Are there any good Raspberry Pi distributions that load completely into RAM?

In addition to the suggestions there, apparently Tiny Core can run in RAM on the Pi:

http://www.tinycorelinux.net/

The trick with this is you will have to write to the SD card while streaming the image from the net, since it is unlikely you will have enough memory to download it entirely first.

If you need to have a normal system on the SD card, you have a few choices, some of which require a spontaneous reboot:

  • Include a small third partition with the RAM based OS in it, edit /boot/cmdline.txt to use that as the root fs, reboot. The gotcha with this is you may have to keep /lib/modules in sync with /boot/kernel.img -- unless you swap a different kernel in first. OTOH, standard Pi kernels can run with no modules since they are custom built for the hardware; this limits functionality but it may be enough for what you want to do.

  • Create a kernel that uses an initramfs which does what you want. Normal non-pi kernels do this in order to select modules from it in order to mount the root fs, since they are intended to run on a range of hardware. I'm not sure what limitations there are, but I don't see why this couldn't be done. This requires more technical expertise than the first option.
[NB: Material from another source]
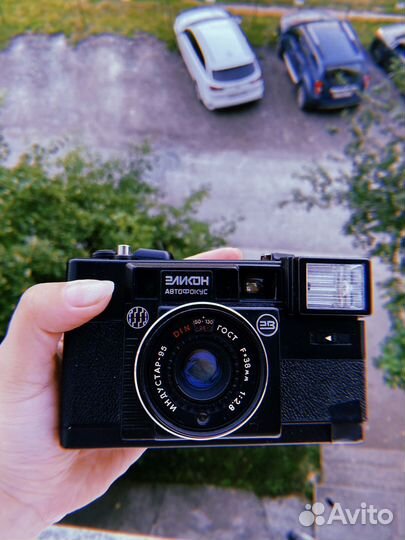 Плёночный фотоаппарат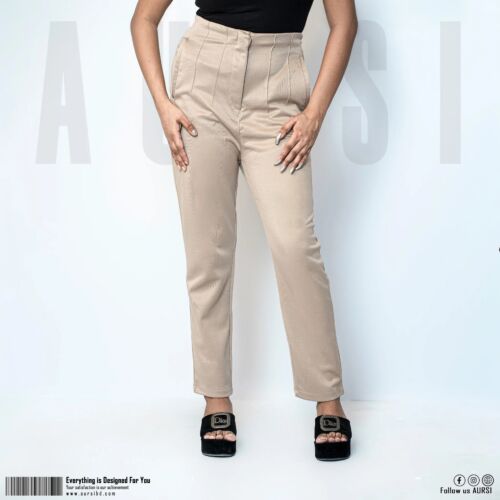 ZARA Formal Pants -Beige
  • If you really don't want to reboot first (which seems silly, since you are going to have to reboot after you install the image anyway), you could use a chroot based system in RAM. This is probably the slickest option, reboot or no, but again it requires some technical expertise.

That said...

the problem is that I need to load my own Raspbian image (circa 7gb) with lots of existing customizations in it. I have tens of pies in production and goal is to make them compliant to a company standards. Everytime I find a new bug fix I need to clone the image and send it out to all other pies.

This to me is an XY problem where your Y is not a very good idea. I think you should contemplate a more normative method of automating updates. Re-writing the whole OS is very clumsy and very fragile; since you cannot download the new image and must write it to the card streaming from an online source, if anything goes wrong with the network in that interval or your RAM based OS, you are totally screwed.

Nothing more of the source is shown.